Output exactly the lines of the listing below that run from the line with "Europe Protein Supplements Market Share" through the line with "Aid by Trade". No pictures.

+ + +

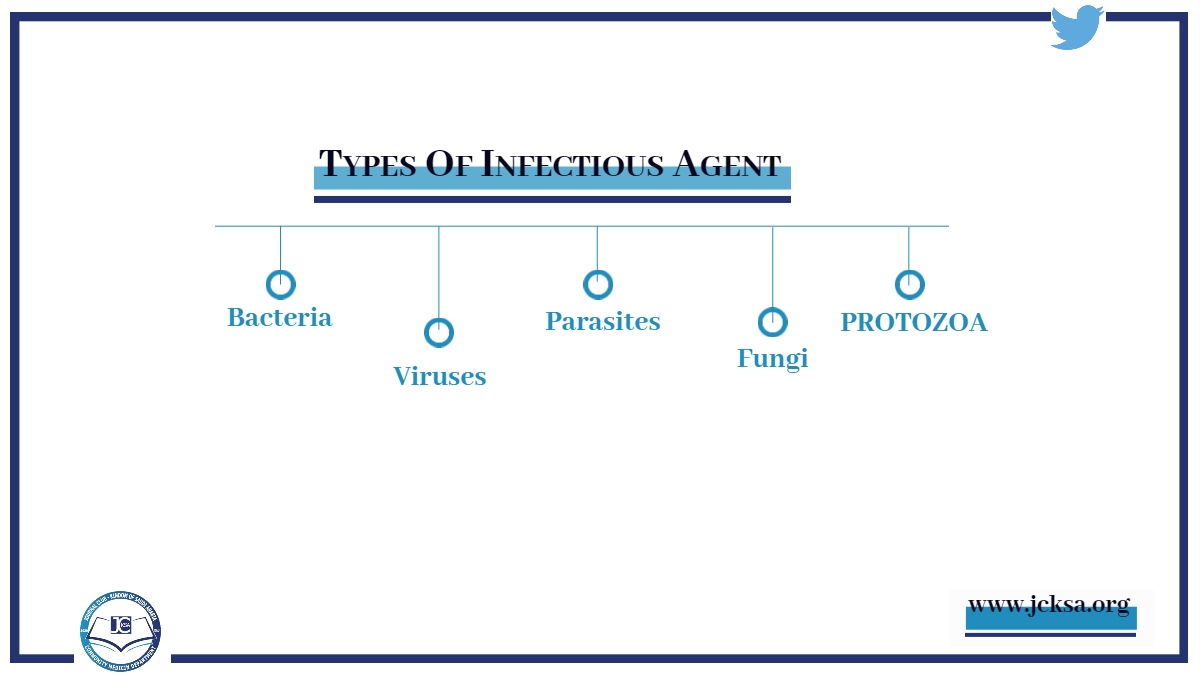 The_JCKSA's tweet photo. The infectious agent is a reason behind the infection and it is one of the pathogenic microorganisms. Check the attached to know the different types of infectious agent

#term_of_the_day
#jcksa
#share_knowledge_togather https://t.co/3IHfWxWbcv
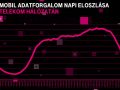 Magyar Telekom: a koronavirus jelentős adatforgalmat generál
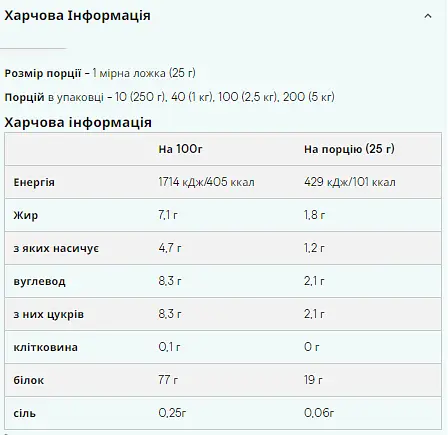 Протеин Myprotein Impact Whey Protein Natural Chocolate 25 г - фото 2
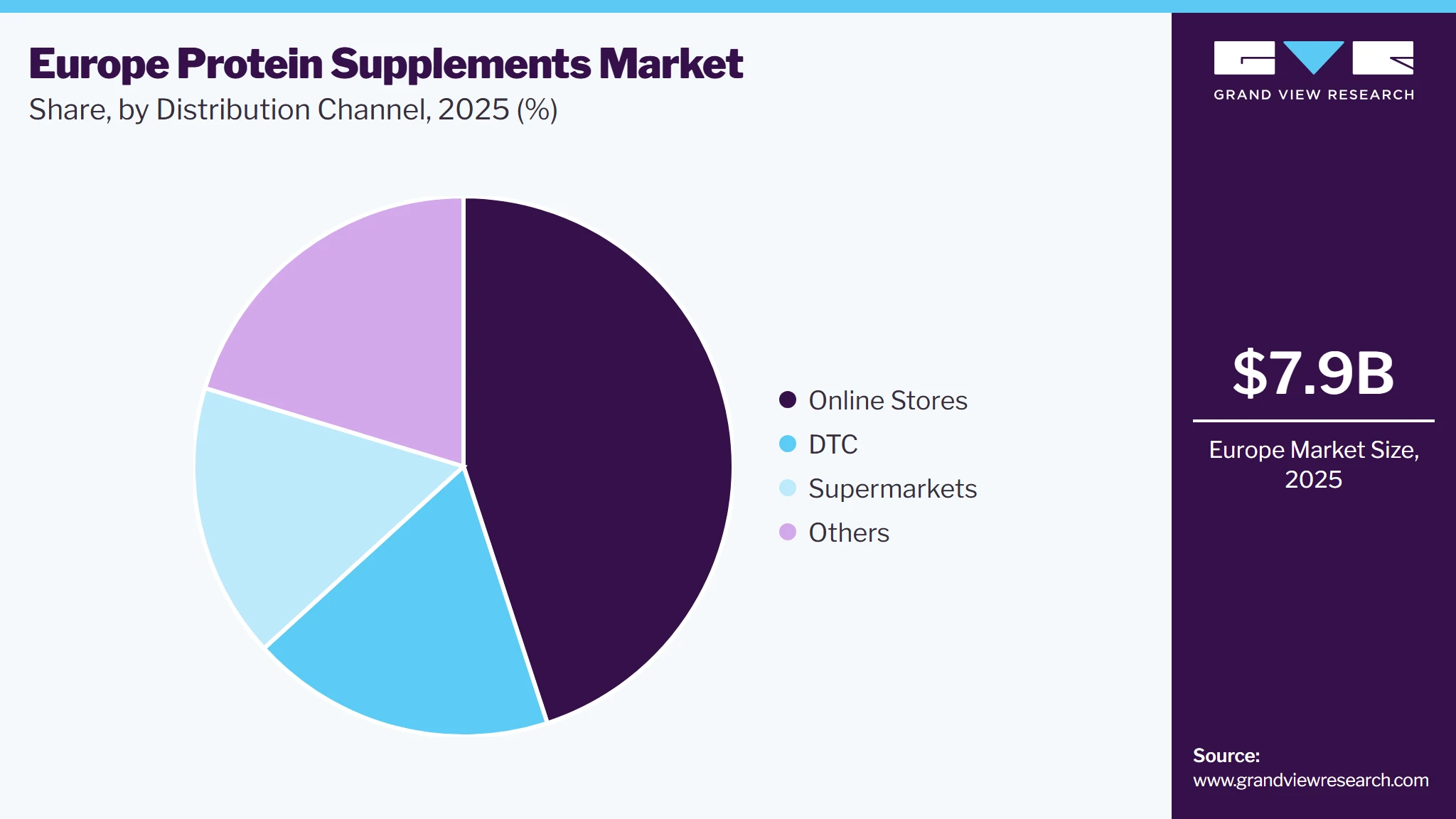 Europe Protein Supplements Market Share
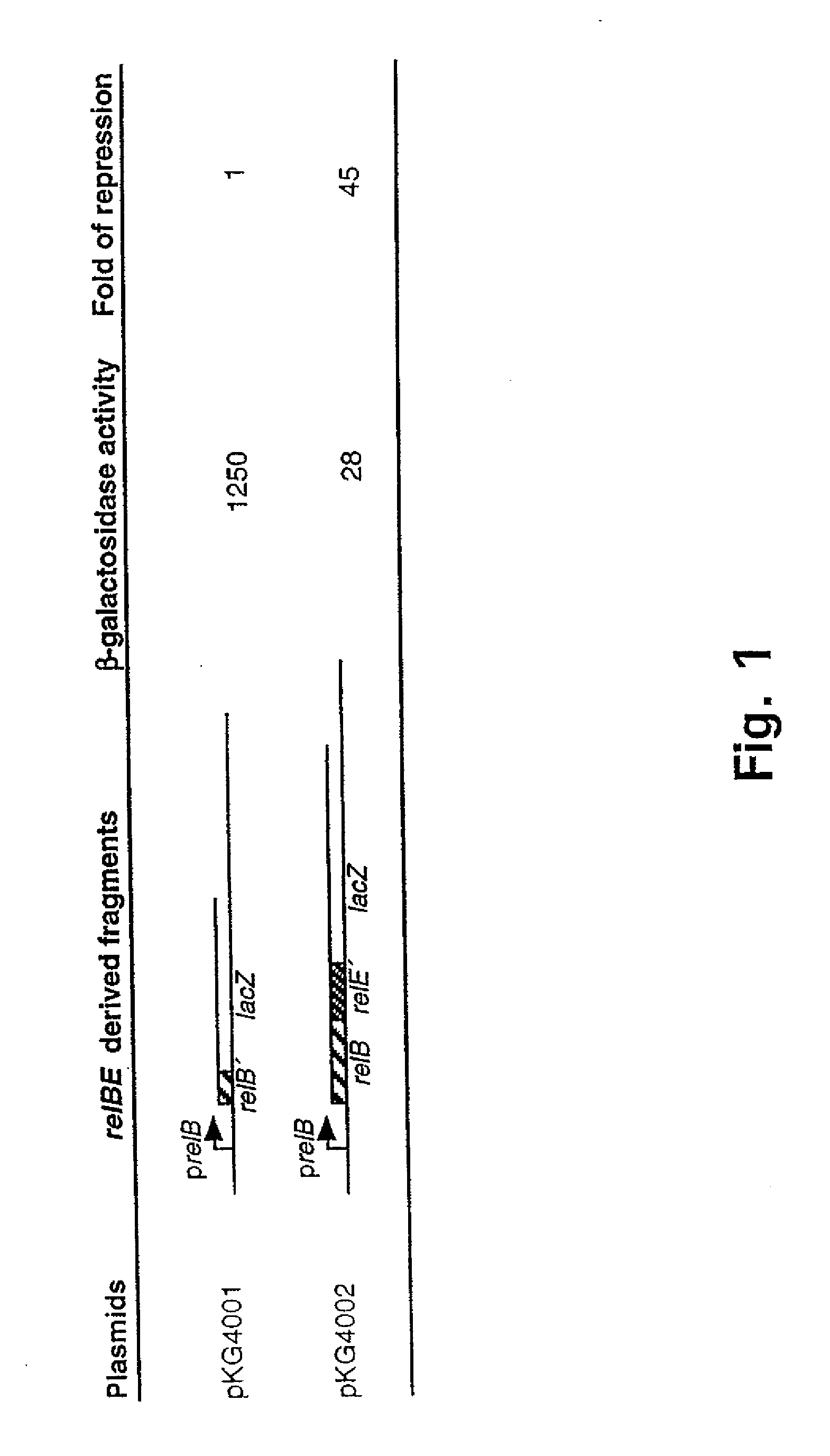 Cytotoxin-based biological containment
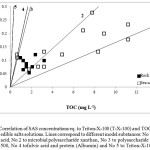 Figure 1 – Correlation of SAS concentrations eq. to Triton-X-100 (T-X-100) and TOC values in edible salts solutions. Lines correspond to different model substances: No 1 to capric acid, No 2 to microbial polysaccharide xanthan, No 3 to polysaccharide dextran T-500, No 4 tofulvic acid and protein (Albumin) and No 5 to Triton-X-100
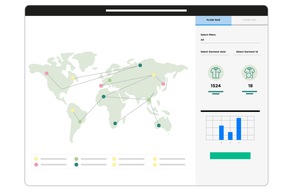 Aid by Trade Foundation partners with Lectra’s TextileGenesis™ to enhance traceability of Cotton made in Africa® (CmiA) fiber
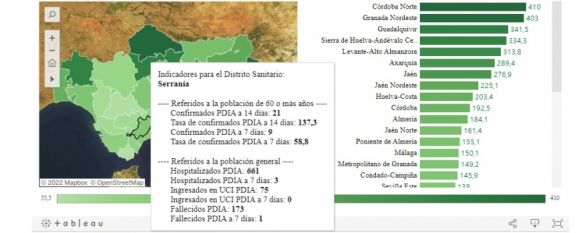 Nuevo fallecimiento de una persona con coronavirus en el Área Sanitaria Serranía, La situación epidemiológica mejora entre la población mayor de 60 años, pero los sanitarios hacen un llamamiento a la responsabilidad, 16 Aug 2022 - 17:41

+ + +

Expected answer »
 Europe Protein Supplements Market Share
 Cytotoxin-based biological containment
 Figure 1 – Correlation of SAS concentrations eq. to Triton-X-100 (T-X-100) and TOC values in edible salts solutions. Lines correspond to different model substances: No 1 to capric acid, No 2 to microbial polysaccharide xanthan, No 3 to polysaccharide dextran T-500, No 4 tofulvic acid and protein (Albumin) and No 5 to Triton-X-100
 Aid by Trade Foundation partners with Lectra’s TextileGenesis™ to enhance traceability of Cotton made in Africa® (CmiA) fiber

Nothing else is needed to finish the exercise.